* _WHAT THE TASK REQUIRES_: Give again, exactly as written, each line of the material below starting at the line that contains "Hampton Inn & Suites Alexandria" and ending at the line that contains "Hike the Almageller Höhenweg". Both ends count, and no other line does.

* _MATERIAL FOR THIS EXERCISE_:

_ _ _ _

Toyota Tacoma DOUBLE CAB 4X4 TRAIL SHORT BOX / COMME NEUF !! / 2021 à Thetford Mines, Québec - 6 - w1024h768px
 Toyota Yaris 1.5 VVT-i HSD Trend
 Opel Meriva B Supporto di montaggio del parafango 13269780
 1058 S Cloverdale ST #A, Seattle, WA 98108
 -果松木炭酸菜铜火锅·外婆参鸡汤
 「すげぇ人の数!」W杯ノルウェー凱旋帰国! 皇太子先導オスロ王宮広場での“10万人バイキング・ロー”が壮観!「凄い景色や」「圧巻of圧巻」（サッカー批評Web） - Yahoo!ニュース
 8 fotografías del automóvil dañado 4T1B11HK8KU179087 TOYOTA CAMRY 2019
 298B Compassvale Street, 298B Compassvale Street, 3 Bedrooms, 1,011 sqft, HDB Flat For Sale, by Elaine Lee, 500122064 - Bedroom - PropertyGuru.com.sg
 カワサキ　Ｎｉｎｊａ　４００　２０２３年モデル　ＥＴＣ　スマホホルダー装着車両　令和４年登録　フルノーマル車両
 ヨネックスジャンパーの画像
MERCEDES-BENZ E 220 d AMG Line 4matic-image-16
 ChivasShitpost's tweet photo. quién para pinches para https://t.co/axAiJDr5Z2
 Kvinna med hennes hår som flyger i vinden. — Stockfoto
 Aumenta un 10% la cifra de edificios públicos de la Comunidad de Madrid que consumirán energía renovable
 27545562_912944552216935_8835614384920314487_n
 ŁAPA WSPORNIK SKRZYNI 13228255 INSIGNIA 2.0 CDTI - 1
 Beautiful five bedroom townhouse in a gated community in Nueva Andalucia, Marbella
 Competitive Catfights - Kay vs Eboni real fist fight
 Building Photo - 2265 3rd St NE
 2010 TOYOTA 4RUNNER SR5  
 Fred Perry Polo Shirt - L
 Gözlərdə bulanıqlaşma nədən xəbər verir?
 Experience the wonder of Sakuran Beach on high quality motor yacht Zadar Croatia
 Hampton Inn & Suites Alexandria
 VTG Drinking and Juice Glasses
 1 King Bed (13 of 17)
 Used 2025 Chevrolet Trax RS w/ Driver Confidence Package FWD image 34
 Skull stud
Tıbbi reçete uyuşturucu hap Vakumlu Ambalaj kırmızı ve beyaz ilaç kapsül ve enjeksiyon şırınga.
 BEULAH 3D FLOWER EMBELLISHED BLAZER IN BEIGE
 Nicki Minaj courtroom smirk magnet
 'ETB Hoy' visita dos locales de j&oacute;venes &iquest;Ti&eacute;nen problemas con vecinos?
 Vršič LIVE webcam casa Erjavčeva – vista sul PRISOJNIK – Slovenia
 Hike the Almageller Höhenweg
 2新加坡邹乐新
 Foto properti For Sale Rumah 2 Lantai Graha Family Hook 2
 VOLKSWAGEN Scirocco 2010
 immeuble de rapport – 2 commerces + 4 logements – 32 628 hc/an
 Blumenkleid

_ _ _ _

* _TASK RESULT_:
 Hampton Inn & Suites Alexandria
 VTG Drinking and Juice Glasses
 1 King Bed (13 of 17)
 Used 2025 Chevrolet Trax RS w/ Driver Confidence Package FWD image 34
 Skull stud
Tıbbi reçete uyuşturucu hap Vakumlu Ambalaj kırmızı ve beyaz ilaç kapsül ve enjeksiyon şırınga.
 BEULAH 3D FLOWER EMBELLISHED BLAZER IN BEIGE
 Nicki Minaj courtroom smirk magnet
 'ETB Hoy' visita dos locales de j&oacute;venes &iquest;Ti&eacute;nen problemas con vecinos?
 Vršič LIVE webcam casa Erjavčeva – vista sul PRISOJNIK – Slovenia
 Hike the Almageller Höhenweg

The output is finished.